Los caballeros estaban por encima de los hidalgos en la jerarquía nobiliaria y, por tanto, constituían la categoría social superior de la nobleza sin título. No hay un criterio legalmente establecido que permita distinguir a un caballero de un hidalgo. En realidad, en su origen los caballeros proceden de los hidalgos y el único criterio distintivo respecto de los hidalgos es puramente económico: sencillamente un caballero es un hidalgo que por su riqueza o por poseer unos estados más ricos se alza por encima de los demás hidalgos, quienes, desde el punto de vista del linaje o la sangre, son, sin embargo, sus iguales.
Siendo así que un caballero tiene su origen en un linaje de hidalgo y que su única diferencia es simplemente la de su mayor fortuna económica, no es de extrañar que, según se quisiese hacer hincapié en el linaje o en el rango superior adquirido por su hacienda y dinero, en la época era costumbre referirse a él llamándole indistintamente hidalgo, aunque calificado con un adjetivo, normalmente el de rico, o una expresión que aludiese a su riqueza, para que quedase claro su rango superior al de mero hidalgo, o caballero. Un ejemplo ilustrativo en el Quijote es el de don Diego de Miranda, inicialmente presentado como hidalgo rico y luego como caballero; primeramente se presenta a sí mismo ante don Quijote y Sancho como un hidalgo, pero inmediatamente añade el dato de que es más que medianamente rico (II, 16, 664); más adelante, es el propio narrador quien, hablando de la casa del hidalgo, nos informa de que es la de “un caballero labrador y rico” (II, 18, 680). Otras veces, quizá por llamar la atención sobre su origen más que sobre su punto de llegada a su nuevo estatus, se elude presentar a un caballero como tal y se le describe simplemente como hidalgo rico: así es el caso de Grisóstomo, “hijodalgo rico” (I, 12, 104); del vecino de Sancho, aunque natural de los Álamos de Medina del Campo, “hidalgo… muy rico y principal”, que mantiene una porfía con un labrador por la preferencia de asiento, según el cuento relatado por Sancho ante los Duques (II, 31, 789); y de don Diego de la Llana, “hidalgo principal y rico” en la villa de Barataria (II, 49, 924).

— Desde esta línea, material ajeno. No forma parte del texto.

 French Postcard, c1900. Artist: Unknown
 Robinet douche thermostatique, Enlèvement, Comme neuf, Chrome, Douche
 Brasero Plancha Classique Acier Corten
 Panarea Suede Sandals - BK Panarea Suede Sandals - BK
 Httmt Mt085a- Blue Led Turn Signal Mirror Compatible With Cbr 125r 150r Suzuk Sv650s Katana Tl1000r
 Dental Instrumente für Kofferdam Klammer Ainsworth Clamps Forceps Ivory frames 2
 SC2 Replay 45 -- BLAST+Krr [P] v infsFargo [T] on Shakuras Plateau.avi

Aparte de los citados que nos ahorramos mencionar de nuevo, hay más personajes en el Quijote que, por su cuantiosa hacienda y por su mucho dinero, merecen el tratamiento de caballeros, que pasamos a enumerar por orden de aparición en la novela: Cardenio, ya citado más arriba por otros motivos, mancebo hijo de padres nobles y ricos; el padre de Luscinda y ella misma, tan nobles y ricos como Cardenio y sus padres (I, 28); don Luis, hijo de un caballero aragonés y mancebo enamorado de Clara, la hija del oidor, hermano del capitán Ruy Pérez de Viedma; Anselmo y Lotario, “caballeros ricos y principales” florentinos y amigos (I, 33, 327); don Pedro Gregorio, el mancebo vecino de la aldea de don Quijote y Sancho, “caballero” (II, 63, 1040) y “mayorazgo rico” (II, 54, 967) o “hijo mayorazgo” (II, 63, 1040), enamorado de la morisca Ana Félix, a la que acompaña en su destierro a Argel; don Alonso de Marañón, caballero del hábito de Santiago, citado por Sancho en el cuento antes mentado relatado ante los Duques, y su hija doña Mencía de Quiñones, casada con el hidalgo rico antes nombrado, vecino de Sancho; los caballeros don Juan y don Jerónimo, que debaten sobre el Quijote de Avellaneda con don Quijote y Sancho (II, 59, 999-1004); el caballero barcelonés don Antonio Moreno, que hospeda a don Quijote y Sancho durante su estancia en la ciudad condal (II, 62), el único miembro de la nobleza urbana que aparece en la novela desempeñando un relevante cometido en la historia de don Quijote, muy similar al de los Duques aragoneses, pues al igual que éstos da hospedaje a la pareja inmortal, organiza fiestas y burlas, y les sirve de guía en Barcelona; el caballero granadino don Álvaro Tarfe, con quien don Quijote y Sancho dialogan sobre el Quijote de Avellaneda (II, 72).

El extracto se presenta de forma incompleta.